En Sevilla, Mozart es una estatua. El relente la humedece junto al Teatro de la Maestranza: una especie de marioneta de bronce encumbrada en un podio, que coloca un pie en una silla y se inclina a mirarse la mano, como si practicara la quiromancia y quisiera adivinar las humillaciones futuras en ese apéndice que le sobresale de la casaca. Porque las pasadas han sido muchas: antes no se leía la palma, sino una partitura de metal ondulada en los extremos; ha perdido varias veces el violín que se oxida a su lado. No sé si la estatua de Don Juan, que se encuentra algo más allá, en los Jardines de Murillo, ha sufrido también el acoso de los terroristas de la memoria; siempre que paseo por el parque la hallo en aceptable estado de salud, con la capa sobre el hombro y la daga torcida a un lado de la cintura.
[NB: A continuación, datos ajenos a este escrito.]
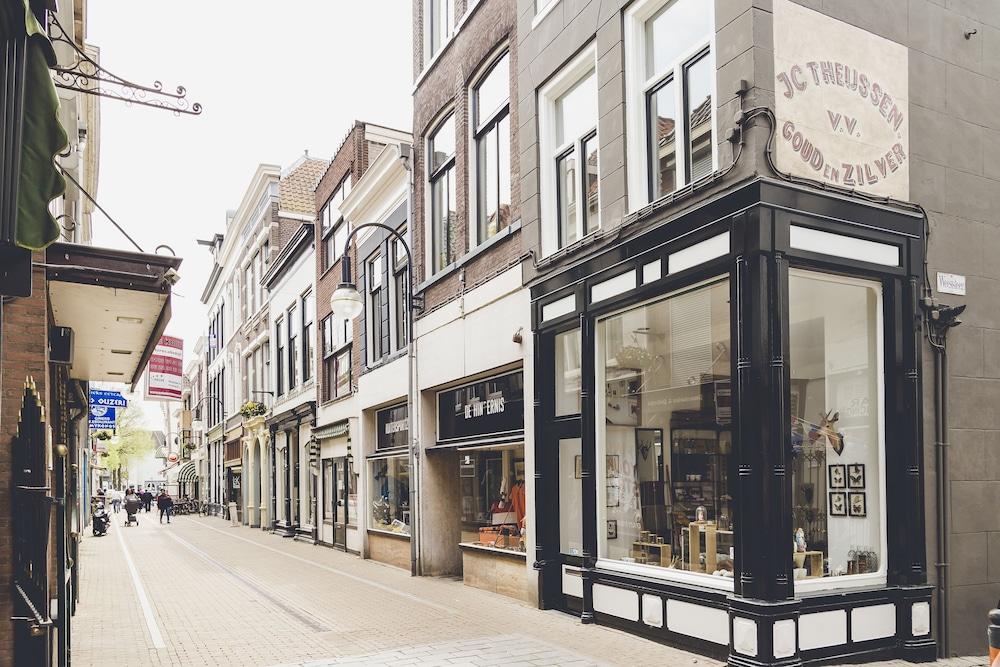 Goud En Zilver Short Stay Suites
Son dos figuras que a primera vista no tienen mucho que ver, salvo el crisol y la peana, pero que una vez fueron siamesas.

Mozart jamás visitó Sevilla y sin embargo recorrió estas calles a menudo, y vio a Don Juan ocultarse en los zaguanes y las posadas, practicar la esgrima a medianoche, espiar desde las rejas de los conventos, cantar cavatinas a la luz de la luna. La ópera que el salzburgués dedicó a nuestro mito más universal se titula Don Giovanni, y en ella hay una estatua que juega un papel nuclear. En el acto final, el comendador esculpido en granito abandona su pedestal para acudir a la cena que el pecador le ofrenda, donde trata de convencerle para que se retracte de sus desmanes sin resultado, y desde cuya mesa, por fin, arrastra a esa alma manchada de pez al infierno. La estatua ambulante figura en casi todas las versiones del relato, y arrastra sus pies también en las piezas de Tirso, Molière y Zorrilla. En la Alameda de Hércules, poco más allá de los cráteres que está abriendo el ayuntamiento, existe una calle escuálida que se llama Calle del Hombre de Piedra: dudas razonables impiden asegurar que quien dio nombre a las aceras fuese nuestro comendador, pero es hermoso pensarlo así y no importa. Mozart no estuvo en Sevilla; sí residió temporadas en Praga, la capital que él amó y que le amaba como en un noviazgo de patio de escuela, y en Praga estrenó Don Giovanni y escribió las últimas escenas de este drama tumultuoso y oscuro, mientras residía en casa de unos amigos. En Praga hay otro hombre de piedra: el inefable gólem, creado por las artes de un rabino que creía, ay, que Dios y un alfarero son equivalentes. En las noches de invierno, el gólem vagaba por el gueto judío y mandaba también al infierno, con sus manos minerales, a todo descarriado con que se cruzase en un callejón. A mí me da que Sevilla y Praga son un poco ciudades paralelas, como simétricas, empalmadas por un cordón umbilical que no es fácil atrapar pero que se tensa y sostiene, que está ahí. Dice Hugo Pratt que en Venecia existe una puerta que conduce al patio de cualquier otra calle del mundo. Si uno desciende al subsuelo de Sevilla y se adentra en sus cloacas y vaga por sus cimientos, es posible que desemboque en una plaza de espadañas de pizarra donde seis bailarines mecánicos celebran cada hora el avance de la muerte en los espejos. Me dejo mecer por esa dulce sospecha: cuando dio música a las amenazas del comendador Mozart pensaba en el gólem, y contemplaba Sevilla desde los campanarios praguenses. Feliz aniversario, maestro.